Figure 4 shows the selectivities of etch for InN over GaN, AlN, InGaN and InAlN in CH4/H2/Ar plasmas as a function of dc bias (top) and ICP power (bottom). As the dc bias increased, the selectivity for InN over AlN increased. The bond strength of InN is much less than that of AlN, (7.7 eV and 11.5 eV respectively),17 which indicates that the ions were able to break the bonds in the InN material more efficiently as their energy increased, but did not have sufficient energy to efficiently break the bonds in AlN. The selectivity of InN over GaN also rose initially with increasing dc bias, for the same reason. Above -55V however the ions had enough energy to efficiently remove GaN (bond strength of 8.9 eV) as well, lowering the selectivity of etch. The selectivities of InN over InGaN and InAlN were less than 3 under all conditions. Both InN/GaN and InN/AlN showed a maxima in the plot at 1000 W ICP power (Fig. 9 bottom). The dc bias decreased with increasing ICP power. As the plasma density increased, the etch rates of AlN and GaN increased, while the accompanying decrease in ion energy leads to the etch rate of InN remaining approximately constant.

SUMMARY

Inductively coupled plasma etching of GaN, AlN, InN, InGaN and InAlN was examined in CH4/H2/Ar plasmas as a function of dc bias and ICP power. The etch rates increased with increasing dc bias. At low rf power (150W), the etch rates increased with increasing ICP power, while at 350W rf power, a peak was found between 500 and 750 W ICP power. The dc bias was found to decrease with increasing ICP power. The selectivities of etch were generally low, <= 6 under all conditions for InN over GaN, AlN, InGaN and InAlN. The etched surfaces were found to be smooth under most conditions.

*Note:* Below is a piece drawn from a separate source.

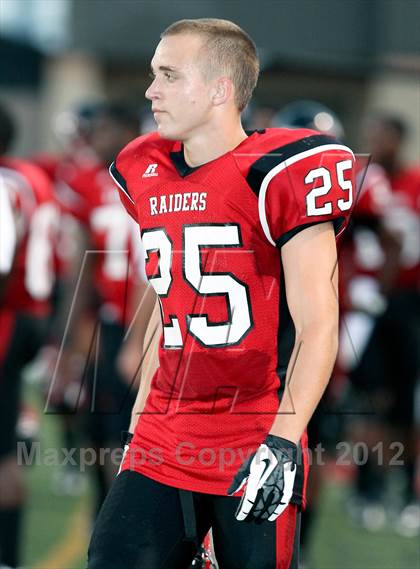 Thumbnail 2 in Berkner @ North Garland photogallery.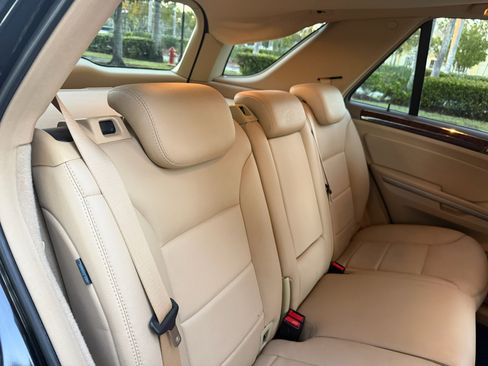 Used 2010 Mercedes-Benz ML 350 image 73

Figure 2. Etch rates for GaN, AlN, InN, InGaN and InAlN as a function of ICP power at 150 W rf power (top) and 350 W rf power (bottom).

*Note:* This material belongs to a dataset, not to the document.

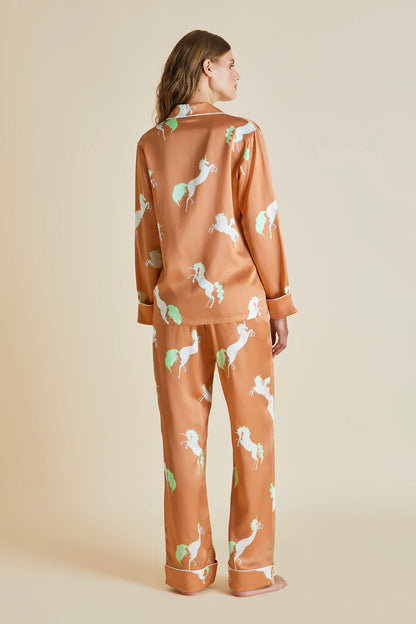 Lila PRINT SLEEPWEAR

Figure 3. RMS roughness as a function of ICP power for GaN in CH4/H2/Ar plasma at 2 mTorr and 150W rf power.

ACKNOWLEDGMENTS

The authors would like to thank the staff of the Microfabritech Facility for their help with this work. The work at the University of Florida, PTI and SNL is supported by DARPA (A. Husain) through AFOSR (G.L. Witt), an AASERT grant through ARO (Dr. J. M. Zavada), and a University Research Initiative grant #N00014-92-J-1895 administered by ONR. The work at SNL is supported by DOE under contract DEAC04-94AL85000. Sandia is a multiprogram laboratory operated by Sandia Corporation, a Lockheed-Martin Company, for the US Department of Energy.

Figure 4. Selectivities of etch for InN over GaN, AlN, InGaN and InAlN in CH4/H2/Ar plasmas as a function of dc bias (top) and ICP power (bottom).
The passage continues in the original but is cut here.